Just the perfect time for that expert blend of
1. Low self esteem
2. Teenage years
3. Dawn of the PC.
to bring us to where we are now...still dateless and coding.
Geek used to be a 4 letter word, now it's a six figure one.
20 years ago: Prepare now, for computers will become an important part of your life.
Today: Those of us who use computers most often today tend to have no life.
games won't last... heh.
;-P
crichton's take on video games reminds me of what some futurists said around the birth of the television.
they said that the television was going to be a great instrument of education, and bring thousands into enlightenment.
yeah, right. -insert ironic tv laugh track here-
i guess crichton fell into the same trap as many futurists: technology as savior. a lot of us see new technology and envision how it will improve us all.
meanwhile, some guy somewhere is writing the first donkey kong game. somewhere there must be a graph comparing how many cpu cycles of all of the processors ever made have been spent playing games versus other computer-related exploits. it would be an interesting comparison. as a victim of civilization iii, i can attest to the fact that a lot of the good electronic life is spent taking a lot of digital crack.

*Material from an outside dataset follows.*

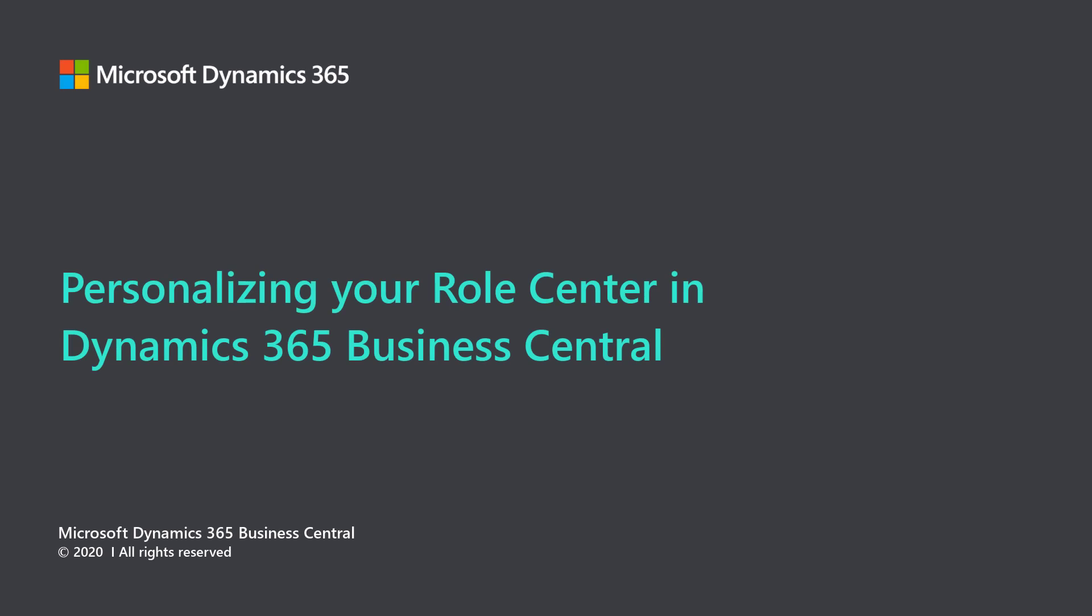Microsoft Dynamics 365 Business Central. Personalizing your role center in Dynamics 365 Business Central.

intellectual property law is philosophically incoherent. it is your moral duty to ignore it or sabotage it
Perhaps the most interesting part of this book is where Crichton discusses copyright. He takes the opinion that copyright will need serious reform as the amount of electronic content increases because of the simple fact that people want to copy (he cited the success of VHS over laserdisc to support this position). This jumped out at me because I read the book back when Napster was at its peak. Unfortunately, Crichton seems to have underestimated the power of the entertainment industry - the DMCA is almost the exact opposite of what he envisioned as the future of digital content. Maybe Crichton's next novel will be about a group of people who narrowly escape death while attempting to view copyrighted material they legally purchased...

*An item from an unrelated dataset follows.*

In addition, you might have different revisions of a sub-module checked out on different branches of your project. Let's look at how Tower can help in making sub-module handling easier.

"Crichton writes science fiction"
He does? I've never seen any. He writes technological thrillers. From Andromeda Strain (a good one) to ER (a mediocre one).

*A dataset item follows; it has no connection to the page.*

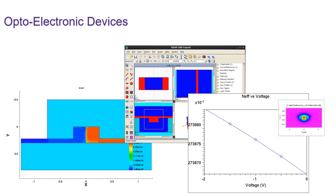Rigorous electronic device simulation is then needed to calculate carrier density at an applied voltage. And rigorous optical simulation is then needed to determine the index perturbation due to the carriers, and then how the device will shift the optical phase.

-- your Web browser is Ronald Reagan
When I was in mainframes in the early 80's, the mainframe repair guy had a good one.
He was on the phone talking to the refrigerator repair guy and told him:
Tech: "My refrigerator is down."
Repair Guy: (longish pause) "'Down?' where?"
Today, that probably wouldn't have been a big deal.
OTOH, that was also a job that had so conditioned me that I started to type a "9" to get an outside line on my home phone.
(good grief: I'm 34 and talking about the "good old days")
The first practical book on computers I ever saw: "Peter Norton's guide to DOS". I still remember his premise:
you show up to work one day and here is a computer sitting at your desk, you haven't seen one before, don't want one AND the boss is expecting you to become vastly MORE productive. now.
Anyway, that is the supposition he started the book from. Good book as I recall, no BS.So where some people saw panic, or hyped everything up others saw and siezed opportunity.
"Everyone is entitled to their own opinion, but not their own facts."
Disclosure is all about hammering out the problems in CD-ROM drive production, but meanwhile, the fact that the same company has solved virtual reality doesn't get a comment.
Jurassic Park: Yeah, we can re-create extinct animals and basically fuck with genetics all we want. So what do we do with it? Open a zoo.
Having "solved" time travel, in Timeline, what's it going to be used for? Stock market speculation? Changing history in a big land grab? No, an amusement park.
Chrichton stories are all about getting super powers, and then using them to order a pizza.